PS – Greek yogurt is a great alternative to the traditional sour cream topping. It’s still delightfully tangy and creamy, but it saves you a few calories. You can hardly tell the difference, especially when you’ve got a forkful of chili and chives. The final product is a combination of two classic comfort foods: hearty and Easy Turkey Chili and cheesy twice-baked potatoes. A total flavor knockout!
Bonus: You will have leftovers from this Easy Turkey Chili. I like to take this for lunch the next day and spread it on some good whole-grain toast!

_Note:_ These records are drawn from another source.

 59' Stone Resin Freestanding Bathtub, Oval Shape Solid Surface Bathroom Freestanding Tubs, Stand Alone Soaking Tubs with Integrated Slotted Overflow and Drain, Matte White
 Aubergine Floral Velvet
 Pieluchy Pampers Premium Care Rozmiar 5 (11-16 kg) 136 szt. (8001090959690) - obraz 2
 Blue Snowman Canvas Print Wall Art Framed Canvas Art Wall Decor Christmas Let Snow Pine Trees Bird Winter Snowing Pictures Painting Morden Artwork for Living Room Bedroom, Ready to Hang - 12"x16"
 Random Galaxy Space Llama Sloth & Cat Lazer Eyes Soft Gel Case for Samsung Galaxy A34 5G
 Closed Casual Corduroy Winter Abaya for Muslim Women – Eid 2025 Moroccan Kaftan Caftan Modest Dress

Hearty and Easy Turkey Chili Twice-Baked Potatoes
- 3 large russet potatoes - scrubbed and dried
- 2 tablespoons olive oil - divided
- 1 pinch salt
- 1 pinch ground black pepper
- 1 pound ground turkey (minced turkey) - lean
- 1 medium yellow onion - diced
- 1 medium green pepper (green capsicum) - diced
- 2 cloves garlic - minced
- 1 tablespoon chili powder (chilli powder in British English)
- 1 teaspoon cumin
- ½ teaspoon garlic powder
- ½ teaspoon red pepper flakes - crushed
- 1 can tomato - 28-ounce, partially drained
- 1½ cups cheddar cheese - shredded
- 1 cup Greek yogurt - for serving
- 2 tablespoons chives - chopped
- Preheat the oven to 425°F. Line a baking sheet with aluminum foil.
- Prick the russet potatoes all over with a fork, then rub with 1 tablespoon olive oil, and sprinkle with salt and pepper. Bake in the oven for 50-60 minutes, flipping halfway. You want the skins to be crispy and the insides to be tender.

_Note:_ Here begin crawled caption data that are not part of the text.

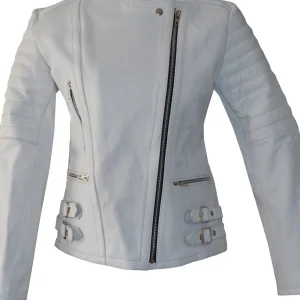 Blouson Moto Femme Style Perfecto Blanc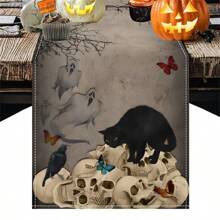 Camino de mesa de Halloween, cráneo retro, gato negro, telaraña, esqueleto de rosa, decoración de mesa de cocina y comedor, mantel de mesa de fantasma de Halloween adecuado para suministros de fiesta en interiores y exteriores, mejores regalos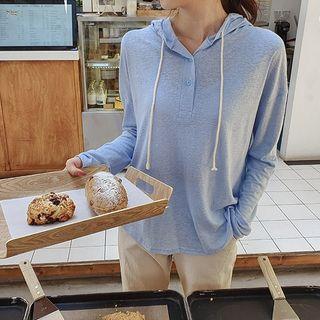 Half-placket Textured Hoodie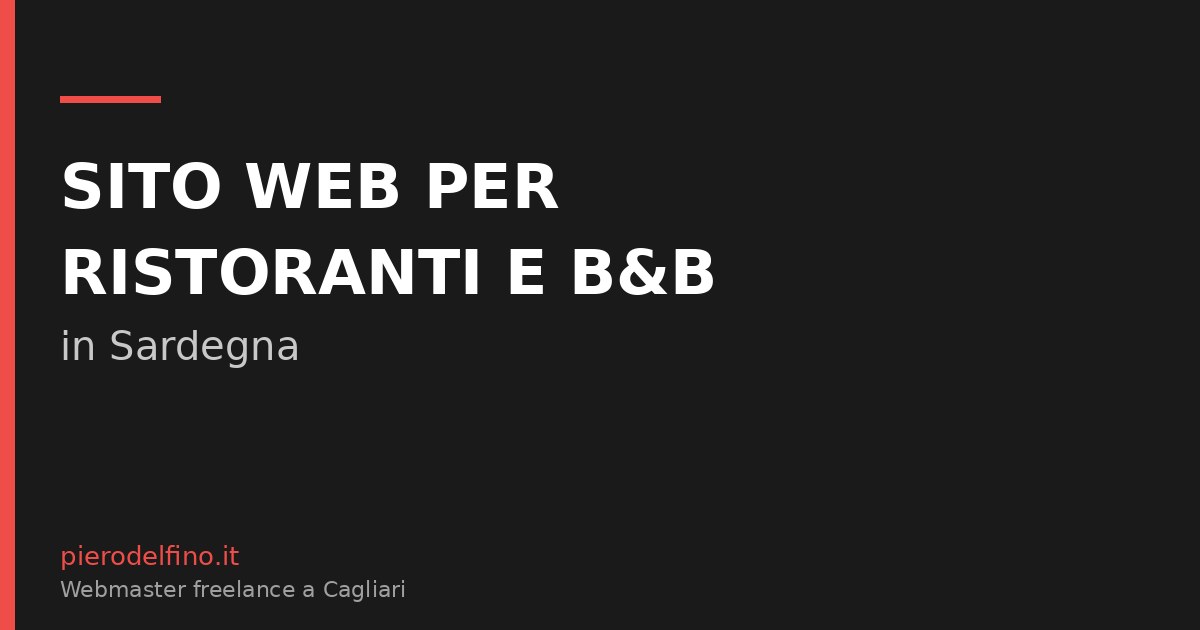 Sito web per ristoranti, B&B e strutture ricettive in Sardegna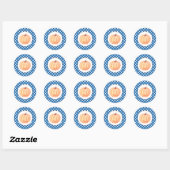 Onze kleine pompoen blauw plaid eerste verjaardag ronde sticker (Vel)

- In the meantime, make the chili. In a large pot or Dutch oven, heat the remaining 1 tablespoon of olive oil over medium-high heat.
- Cook the ground turkey until browned, about 5 minutes. Hit it with a hint of salt and pepper, just to gently flavor the meat. Add the onions, peppers, and garlic, and sauté for another 5-8 minutes, until the vegetables become slightly tender.
- Next, add the spices, and combine. Make sure you drain some of the liquid from the canned tomatoes before adding them to the mix. You don’t have to drain the full can, because some of the liquid will be good, but you don’t want the chili to be too liquidy.
- Allow the chili to come to a boil, and then simmer for 25-30 minutes, stirring every so often. You want the chili to reduce by at least half! Once it is reduced, taste the chili and adjust the seasoning as necessary.
- When the potatoes are done, let them cool for about 5 minutes before handling (you don’t want to burn yourself)! Cut them in half lengthwise, and scoop out most of the flesh, leaving about a ¼ inch border. Place the potato flesh into a bowl.
- Add approximately half to three-quarters of the chili to the bowl and mix gently with the potato. Scoop the mixture back into the potato skins and top with shredded cheese (as much as you’d like).
- Place the potatoes back on the baking sheet and broil for 5 minutes until the cheese is melted and bubbly.
- Serve topped with a scoop of Greek yogurt and a sprinkle of chopped chives!